Can't boot a VM with 1TB memory / 128 CPUs
-
@olivierlambert Debian 12 template with PXE boot, local storage
Host has 2 x AMD EPYC 9534 64-Core Processor / 1.5 TiB of memory (24 x 64 GiB)The issue comes from the number of CPUs, not the memory. I've made more testing. I've created some VMs from XOA 5.107.1 with template Debian Bookworm 12, PXE boot, local storage (EXT4)
no boot means console with "Guest has not initialized the display"
boot means : Tianocore logo and PXE boot64x / 1 TiB => boot => upgrade to 128x => no boot
128x / 1TiB => no boot => downgrade to 64x => no boot
96x / 256 GiB => boot => upgrade to 102x => no boot => downgrade to 96x => no boot
97x / 256 GiB => no boot
99x / 512 GiB => no bootThere is a limitation of 96 cores, I've tried different CPU topology without any success
-
Yeah that makes sense, beyond 64 there's potential topology issues.

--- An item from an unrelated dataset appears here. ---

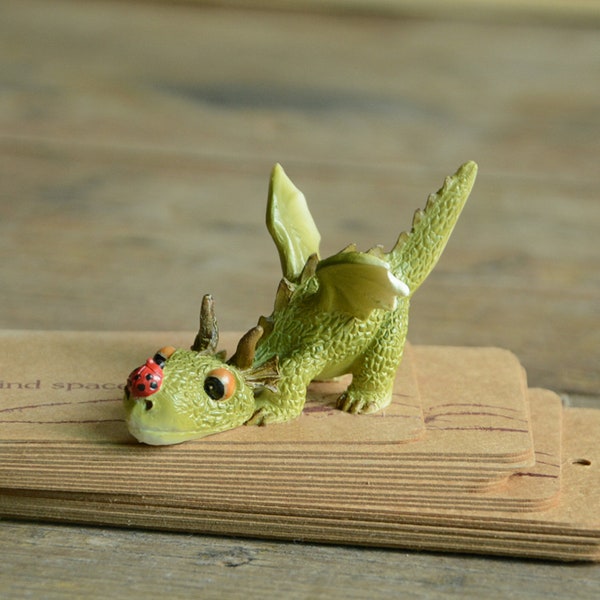 Fairy Garden Green Dragon w/ Ladybug Figurine ~ Miniature Terrarium Dragon ~ Fairy Garden Supply & Accessories ~ Fairy Home and Garden Decor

But I remember we tested internally up to 128 and it worked, probably on a single socket though.
The official limit for strict security support is 32 though: https://docs.xcp-ng.org/installation/requirements/#xcp-ng-83-lts-1
I'm pretty sure we managed to get 128 working. But still, there's a lot of topology work to be done in Xen upstream to go beyond. The real complex limit should be 256. So fixing <256 is probably more bug fixing than huge rework.
-
I remember we tested 128vCPU and it worked (Ubuntu VM, but Debian should be similar).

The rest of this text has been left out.